Bugün gözlerimle bakıştım. Uzuuun uzun. Yok, öyle kaz ayaklarıma falan bakmadım. Takılmadım işin o kısmına. Gözlerimin ardındakilerle konuştum. Neler gördün? neler yaşadin, diye sordum. Hatırlat da hatırlayayim. Göz göze geldiklerimi hatırlamaya calıştım. Annemin çocukluğumuzdan beri tembihidir "erkeklerle gözünün içine bakarak konuşulmaz ,ayıptır." O yüzden konuşurken gözünün içine baktıklarım coğunlukla kadındı. Yazık ki gözunun içine bakarken gönlünün içini göremediklerim de kadindi. Gözümün yanındaki kaz ayaklarının oluşmasına sebep kahkahalarımın ortağı da hep kadınlardı.
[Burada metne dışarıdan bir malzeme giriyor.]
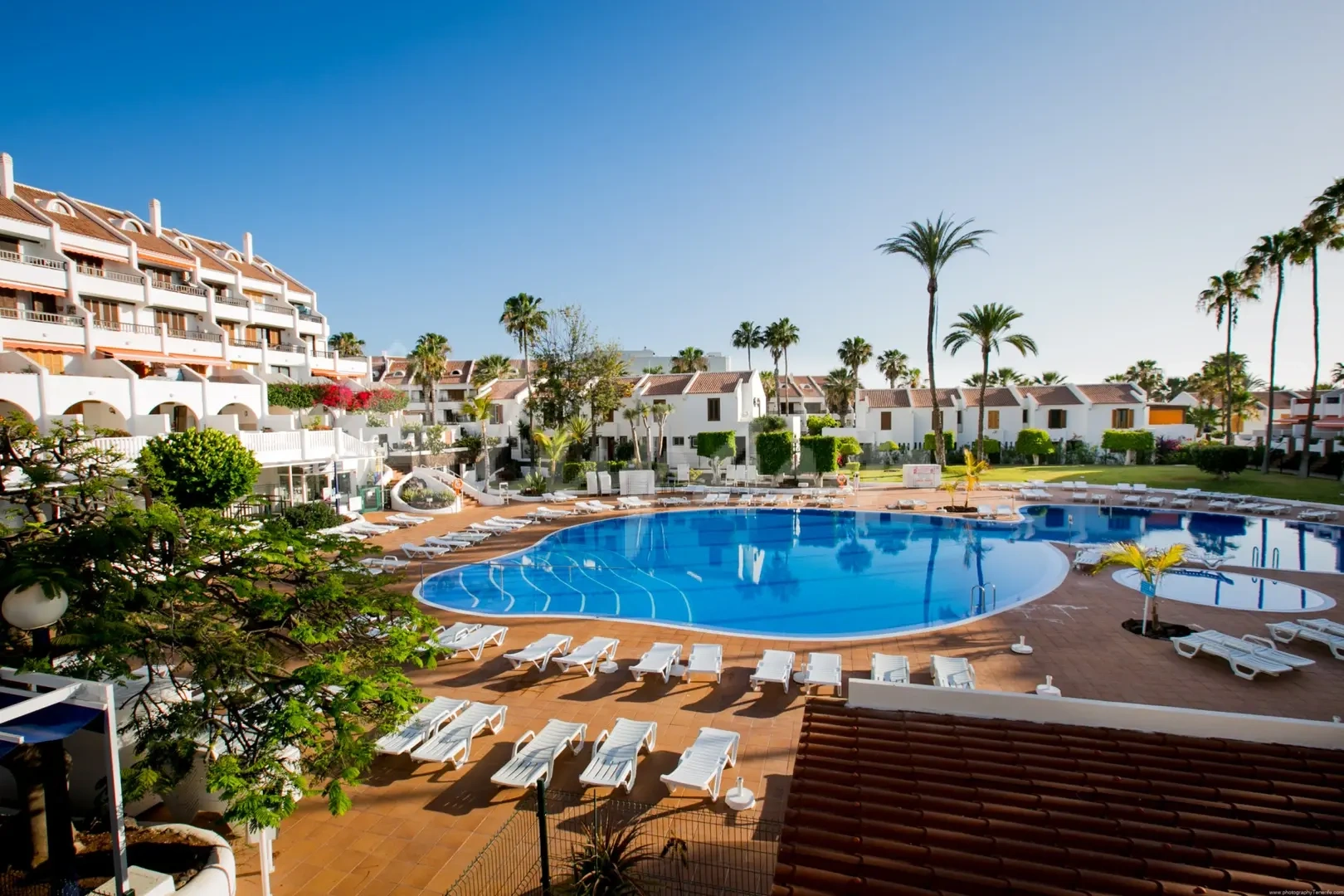 1 - apartment for sale in playa de las américas tenerife - canary islands spain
Gözlerimden sonra gönlümle konuştum "yorgun musun sahiden, diye sordum. Bilemedi önce . Ben biliyordum .Yorgundu. "Kazandıkların kaybettiklerinden cok ise yorgunluğu anlamiyorsun"dedi. Kazandıklarım kaybettiklerimden çok muydu? Dost kazandım aile kazandım para kazandım ... ya kaybettiklerim ? İnancımı, sevgimi, güvenimi kaybettim. Tarttım terazide. Yenişemediler.
En son kafamla konuştum. Memnun musun benden, diye sordum. Memnun değilmiş. " Hatırımızı sorarken bile önce gönlune sonra bana sordun," dedi. Bundan sonra, önce bana sorarsan beş para etmezlere senin gönlünü harcatmam,dedi.Bana söz verdirdi. Hayatimin kalaninda önce kafama ,sonra gönlüme en son gözüme danışacağiıma söz verdim ama kırk yıllık kani olur mu yani ... bilemedim.